Explorer in Residence

A visit to The California Academy of Science, currently showing Built for Speed: The world’s fastest fish and fastest sailboats was highlighted by a lecture from Dr. Sylvia Earle.

In conjunction with the exhibit, Dr. Sylvia Earle, the America’s Cup Healthy Ocean Project Global Ambassador gave a lecture to a full house last Thursday night. Dr. Earle spoke about the vastness of the oceans and the current explosion of scientific knowledge. She also discussed just how small the percentage of the ocean we have studied is and how exciting it is to find something new that we previously knew nothing about. 

Explorer-in-Residence

Dr. Earle truly embodies the title of explorer given to her by National Geographic. She encouraged the crowd to dive, snorkel or swim to explore life beneath the waves.  She recounted stories of living at Aquarius, an underwater laboratory, learning to drive research submarines and how time at depth has brought new understanding of the creatures that live in our oceans. 

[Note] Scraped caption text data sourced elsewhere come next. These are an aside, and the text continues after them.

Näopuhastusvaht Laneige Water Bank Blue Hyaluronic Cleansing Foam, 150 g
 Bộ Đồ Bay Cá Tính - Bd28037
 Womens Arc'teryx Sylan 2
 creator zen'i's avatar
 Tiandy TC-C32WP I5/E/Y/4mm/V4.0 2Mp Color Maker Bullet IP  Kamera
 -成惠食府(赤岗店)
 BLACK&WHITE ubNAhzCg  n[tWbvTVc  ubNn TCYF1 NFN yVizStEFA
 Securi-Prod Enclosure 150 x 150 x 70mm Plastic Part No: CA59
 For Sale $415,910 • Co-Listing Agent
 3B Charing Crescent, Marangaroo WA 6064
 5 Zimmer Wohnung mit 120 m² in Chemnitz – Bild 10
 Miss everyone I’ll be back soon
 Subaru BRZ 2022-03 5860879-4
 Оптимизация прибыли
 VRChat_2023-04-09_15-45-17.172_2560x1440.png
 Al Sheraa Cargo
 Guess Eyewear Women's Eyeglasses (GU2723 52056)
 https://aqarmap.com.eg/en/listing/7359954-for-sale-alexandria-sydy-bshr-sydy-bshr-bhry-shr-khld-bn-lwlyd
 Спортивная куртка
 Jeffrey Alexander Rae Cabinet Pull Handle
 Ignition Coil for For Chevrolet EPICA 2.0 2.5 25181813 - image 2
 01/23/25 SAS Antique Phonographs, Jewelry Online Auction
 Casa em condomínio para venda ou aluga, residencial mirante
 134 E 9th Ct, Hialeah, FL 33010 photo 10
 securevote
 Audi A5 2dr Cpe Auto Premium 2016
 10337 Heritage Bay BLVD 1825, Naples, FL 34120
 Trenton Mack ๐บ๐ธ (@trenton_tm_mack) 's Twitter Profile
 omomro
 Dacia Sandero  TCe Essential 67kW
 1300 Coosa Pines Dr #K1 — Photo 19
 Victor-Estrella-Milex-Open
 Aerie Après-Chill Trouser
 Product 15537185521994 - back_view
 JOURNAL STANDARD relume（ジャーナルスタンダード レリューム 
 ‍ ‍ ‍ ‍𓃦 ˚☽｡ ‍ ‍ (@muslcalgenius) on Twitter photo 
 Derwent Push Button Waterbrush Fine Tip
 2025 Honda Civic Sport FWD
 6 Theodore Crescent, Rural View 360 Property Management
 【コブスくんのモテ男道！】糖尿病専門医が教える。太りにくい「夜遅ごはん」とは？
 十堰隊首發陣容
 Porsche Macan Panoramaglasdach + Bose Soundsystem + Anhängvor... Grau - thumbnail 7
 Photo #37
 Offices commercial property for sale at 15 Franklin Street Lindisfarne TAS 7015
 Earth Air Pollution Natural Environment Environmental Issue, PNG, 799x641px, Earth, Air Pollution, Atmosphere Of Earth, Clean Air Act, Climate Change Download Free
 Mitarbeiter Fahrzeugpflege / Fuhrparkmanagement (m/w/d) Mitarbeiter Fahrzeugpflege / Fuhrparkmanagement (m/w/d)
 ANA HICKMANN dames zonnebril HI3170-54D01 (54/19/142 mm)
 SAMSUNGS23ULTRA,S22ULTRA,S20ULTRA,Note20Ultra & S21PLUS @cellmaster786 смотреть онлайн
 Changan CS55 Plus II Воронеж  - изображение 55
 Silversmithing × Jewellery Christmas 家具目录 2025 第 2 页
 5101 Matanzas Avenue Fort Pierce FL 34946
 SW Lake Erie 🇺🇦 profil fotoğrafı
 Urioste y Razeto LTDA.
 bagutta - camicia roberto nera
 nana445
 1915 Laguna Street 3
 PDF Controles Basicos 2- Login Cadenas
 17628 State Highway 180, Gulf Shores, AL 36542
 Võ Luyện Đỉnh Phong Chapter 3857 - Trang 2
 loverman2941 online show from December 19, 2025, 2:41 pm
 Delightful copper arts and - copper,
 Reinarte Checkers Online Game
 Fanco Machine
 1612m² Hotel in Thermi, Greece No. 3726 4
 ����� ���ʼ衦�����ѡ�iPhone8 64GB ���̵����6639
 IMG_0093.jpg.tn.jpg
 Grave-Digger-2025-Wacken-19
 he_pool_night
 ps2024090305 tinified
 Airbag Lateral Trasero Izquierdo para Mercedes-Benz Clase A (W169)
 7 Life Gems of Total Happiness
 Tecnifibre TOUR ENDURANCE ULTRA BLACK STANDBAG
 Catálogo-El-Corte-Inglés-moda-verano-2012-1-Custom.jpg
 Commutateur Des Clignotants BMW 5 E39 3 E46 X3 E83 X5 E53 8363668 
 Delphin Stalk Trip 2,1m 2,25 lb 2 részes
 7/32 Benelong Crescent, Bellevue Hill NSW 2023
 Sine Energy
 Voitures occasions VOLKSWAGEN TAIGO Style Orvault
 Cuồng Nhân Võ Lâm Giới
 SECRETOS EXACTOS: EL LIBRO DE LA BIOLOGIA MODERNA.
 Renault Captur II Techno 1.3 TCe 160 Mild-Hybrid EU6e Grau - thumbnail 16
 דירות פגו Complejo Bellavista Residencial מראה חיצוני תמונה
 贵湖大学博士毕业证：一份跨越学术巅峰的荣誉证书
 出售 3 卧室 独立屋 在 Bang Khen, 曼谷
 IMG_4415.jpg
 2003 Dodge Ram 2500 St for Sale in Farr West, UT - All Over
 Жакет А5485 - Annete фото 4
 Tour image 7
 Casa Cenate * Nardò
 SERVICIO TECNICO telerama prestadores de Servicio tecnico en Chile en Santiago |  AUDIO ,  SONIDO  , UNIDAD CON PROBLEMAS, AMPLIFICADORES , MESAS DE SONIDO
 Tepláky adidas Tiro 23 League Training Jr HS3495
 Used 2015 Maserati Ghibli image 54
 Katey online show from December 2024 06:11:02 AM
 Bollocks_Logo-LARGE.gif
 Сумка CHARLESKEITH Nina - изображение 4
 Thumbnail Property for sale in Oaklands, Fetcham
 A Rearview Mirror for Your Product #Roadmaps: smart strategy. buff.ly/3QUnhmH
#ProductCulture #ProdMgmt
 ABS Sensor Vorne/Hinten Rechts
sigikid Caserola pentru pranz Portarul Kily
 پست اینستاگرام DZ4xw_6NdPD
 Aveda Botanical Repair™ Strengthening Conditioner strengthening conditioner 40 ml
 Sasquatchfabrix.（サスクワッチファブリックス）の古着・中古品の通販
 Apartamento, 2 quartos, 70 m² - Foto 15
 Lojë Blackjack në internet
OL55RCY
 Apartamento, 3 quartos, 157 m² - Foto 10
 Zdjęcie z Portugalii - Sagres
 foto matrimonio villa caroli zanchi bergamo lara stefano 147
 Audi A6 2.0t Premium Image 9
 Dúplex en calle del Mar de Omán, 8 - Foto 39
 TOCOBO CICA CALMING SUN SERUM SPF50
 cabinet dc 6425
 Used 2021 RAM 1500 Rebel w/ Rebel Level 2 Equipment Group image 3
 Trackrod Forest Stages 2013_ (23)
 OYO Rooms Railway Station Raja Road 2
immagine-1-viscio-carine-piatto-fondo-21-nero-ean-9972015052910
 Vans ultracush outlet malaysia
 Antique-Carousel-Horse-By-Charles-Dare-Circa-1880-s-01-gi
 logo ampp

Dr. Earle’s lecture also focused on the huge impact that humans have had on the ocean over the last couple of centuries. Industrial fishing can harvest fish at a rate faster than they can reproduce driving some species to the brink of extinction. Large predators like tuna are often the most effected. She sited that we have eliminated 90% of the sharks that swam in the ocean and with them gone we are now realizing how important they are to the health of the ecosystem. It is not just fishing that impacts the health of the ocean and Sylvia highlighted how our changing atmosphere is also taking its toll. Corals depend on a specific temperature and chemistry to survive. As the oceans heat up and the acidity increases because of the CO2 we are releasing into the atmosphere, coral reefs are being stressed to the breaking point. 

Marine Protected Areas

Dr. Earle pointed out that for the great size of the oceans very little of them are protected. Protected areas provide some refuge from the pressures humans are placing on the ocean as well as areas to study in search of greater understanding of the ocean’s complex ecosystem. Dr. Earle asked that everyone make a pledge to support the expansion of marine protected areas and support NOAA's proposal to designate 100 square miles off the Golden Gate Bridge as National Marine Sanctuary. She directed people to visit the America’s Cup Healthy Oceans Project web site and fill out the pledge - At the museum almost everyone was eager to lend their name to the cause!